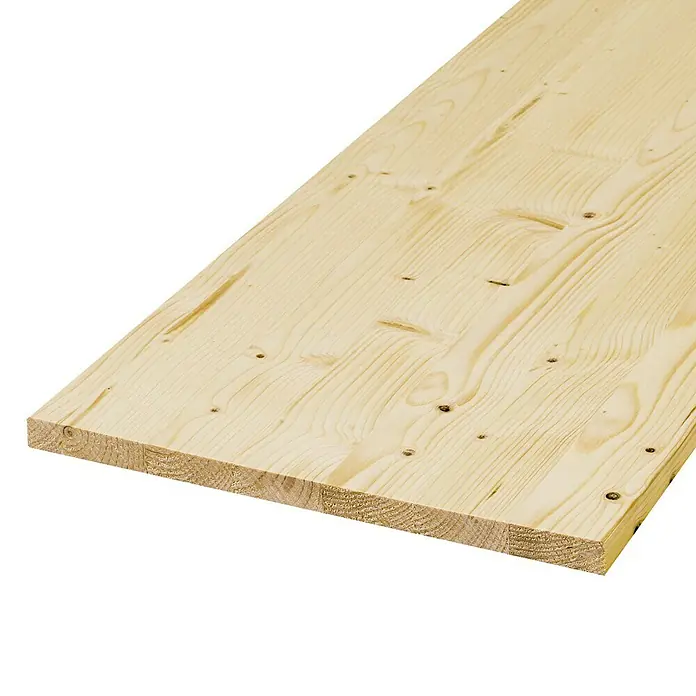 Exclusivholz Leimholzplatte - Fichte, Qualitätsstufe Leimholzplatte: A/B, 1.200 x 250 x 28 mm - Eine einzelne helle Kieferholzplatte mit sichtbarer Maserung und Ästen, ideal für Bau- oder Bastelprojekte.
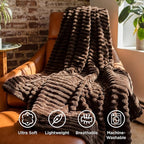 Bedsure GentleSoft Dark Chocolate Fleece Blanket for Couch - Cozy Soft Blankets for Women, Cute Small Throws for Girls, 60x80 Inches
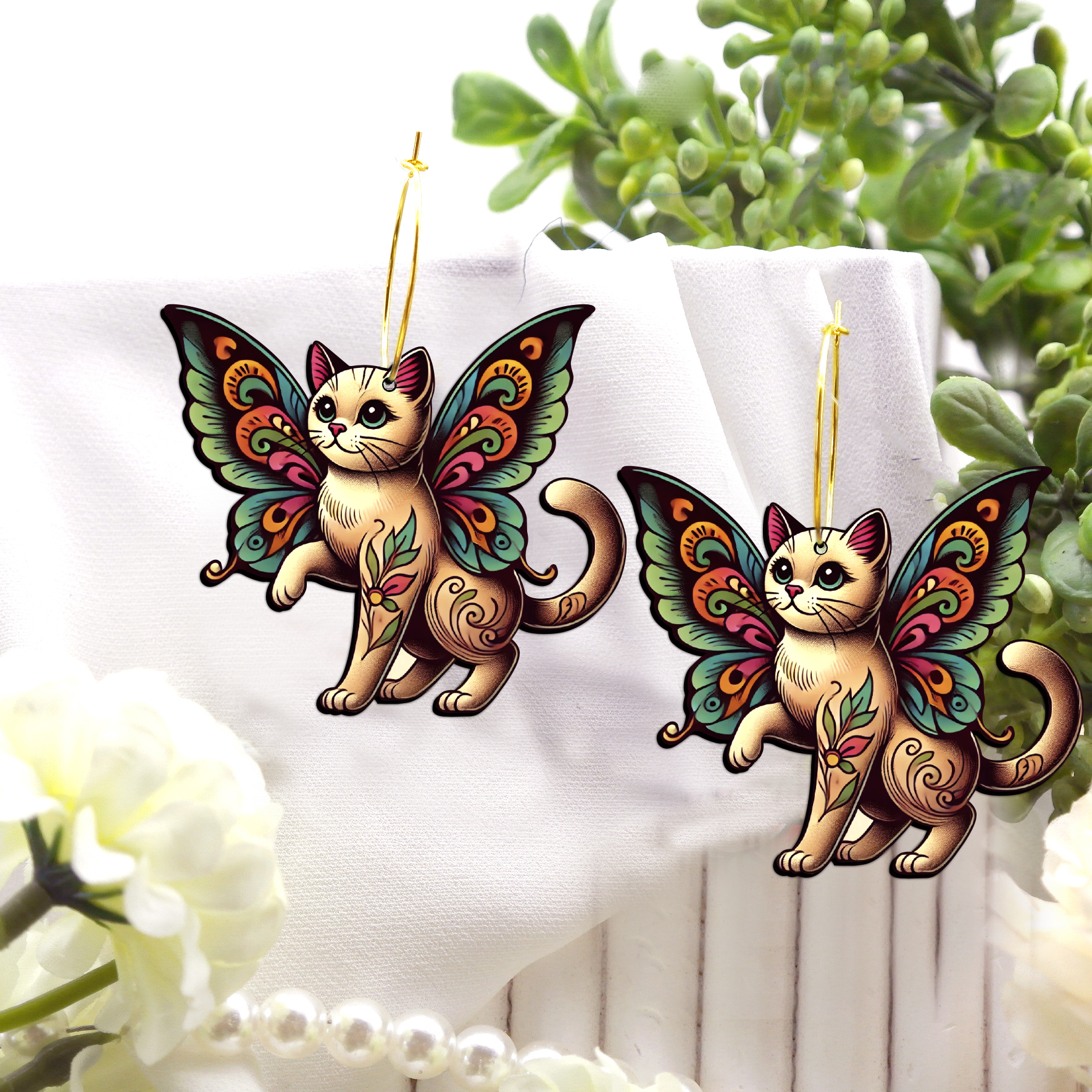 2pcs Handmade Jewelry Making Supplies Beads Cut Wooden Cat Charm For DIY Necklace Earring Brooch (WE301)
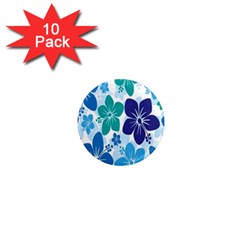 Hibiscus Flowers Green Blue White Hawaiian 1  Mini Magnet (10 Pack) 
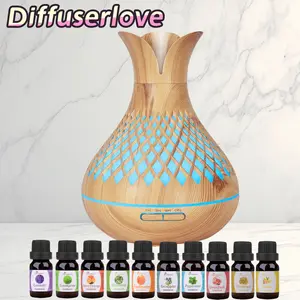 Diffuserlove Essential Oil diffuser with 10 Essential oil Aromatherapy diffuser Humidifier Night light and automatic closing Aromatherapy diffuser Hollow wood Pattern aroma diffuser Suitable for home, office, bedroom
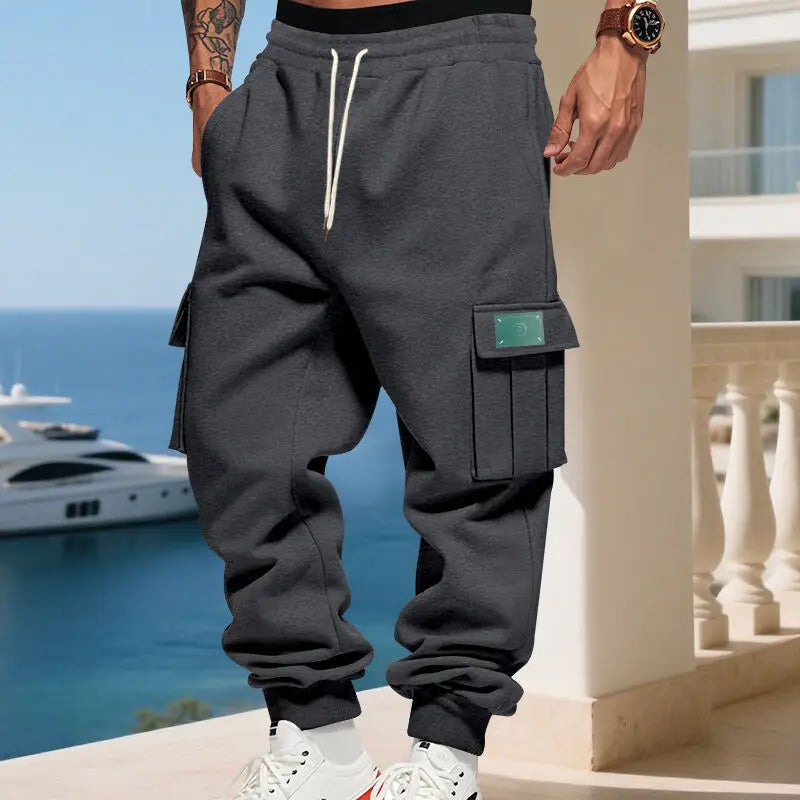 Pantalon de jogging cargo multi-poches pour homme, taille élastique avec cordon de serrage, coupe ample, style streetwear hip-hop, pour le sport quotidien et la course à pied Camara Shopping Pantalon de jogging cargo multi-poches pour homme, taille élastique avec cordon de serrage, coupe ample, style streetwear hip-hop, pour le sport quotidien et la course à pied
· · · ·
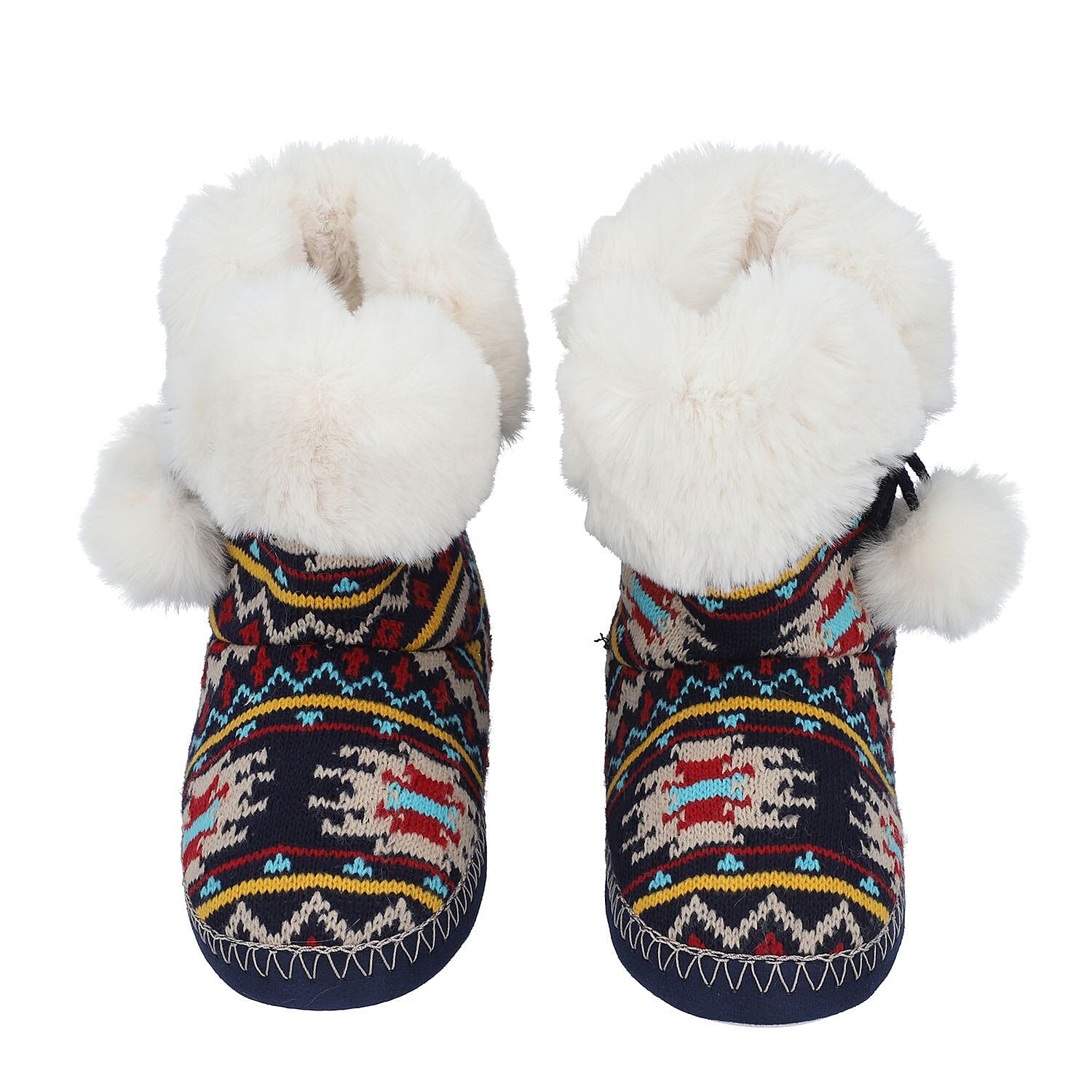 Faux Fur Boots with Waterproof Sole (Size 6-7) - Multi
· · · ·
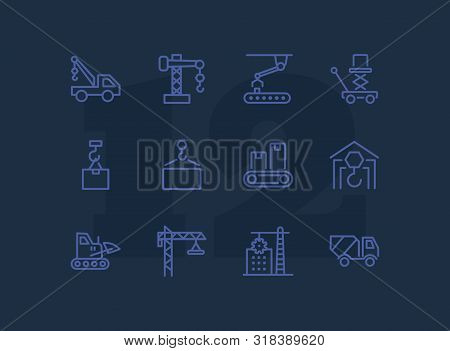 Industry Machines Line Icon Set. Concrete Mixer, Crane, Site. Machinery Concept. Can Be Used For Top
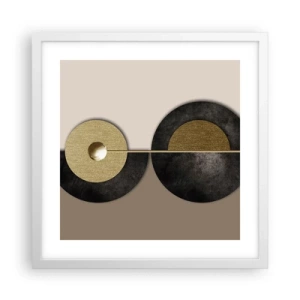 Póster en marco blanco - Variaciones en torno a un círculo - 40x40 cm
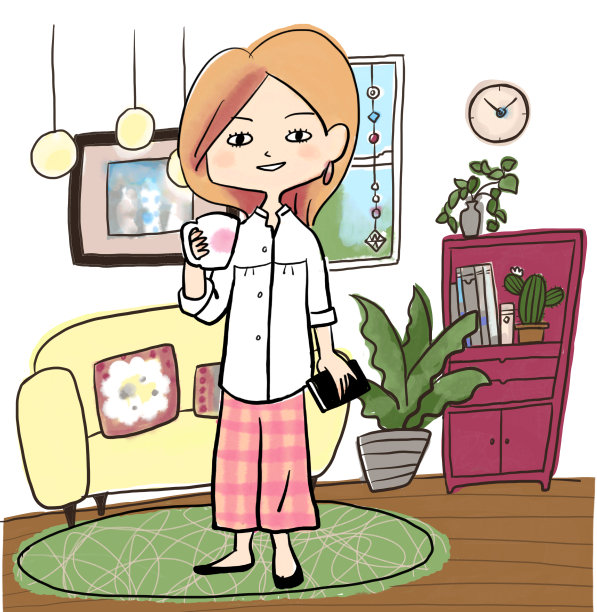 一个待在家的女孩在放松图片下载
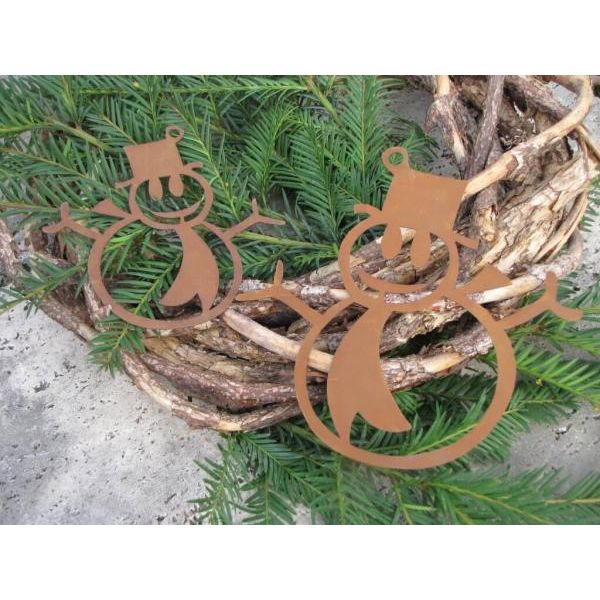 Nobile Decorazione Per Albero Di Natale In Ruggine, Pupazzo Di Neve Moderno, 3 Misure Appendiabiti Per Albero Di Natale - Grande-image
· · · ·
> Aim of the task
Exact copy, no pictures. Write out the lines in the entries above, starting with the line with "2pcs Handmade Jewelry" and going on through the line with "à pied Camara", keeping both.

> Your solution
 2pcs Handmade Jewelry Making Supplies Beads Cut Wooden Cat Charm For DIY Necklace Earring Brooch (WE301)
 Hibiscus Flowers Green Blue White Hawaiian 1  Mini Magnet (10 Pack) 
 Diffuserlove Essential Oil diffuser with 10 Essential oil Aromatherapy diffuser Humidifier Night light and automatic closing Aromatherapy diffuser Hollow wood Pattern aroma diffuser Suitable for home, office, bedroom
 Pantalon de jogging cargo multi-poches pour homme, taille élastique avec cordon de serrage, coupe ample, style streetwear hip-hop, pour le sport quotidien et la course à pied Camara Shopping Pantalon de jogging cargo multi-poches pour homme, taille élastique avec cordon de serrage, coupe ample, style streetwear hip-hop, pour le sport quotidien et la course à pied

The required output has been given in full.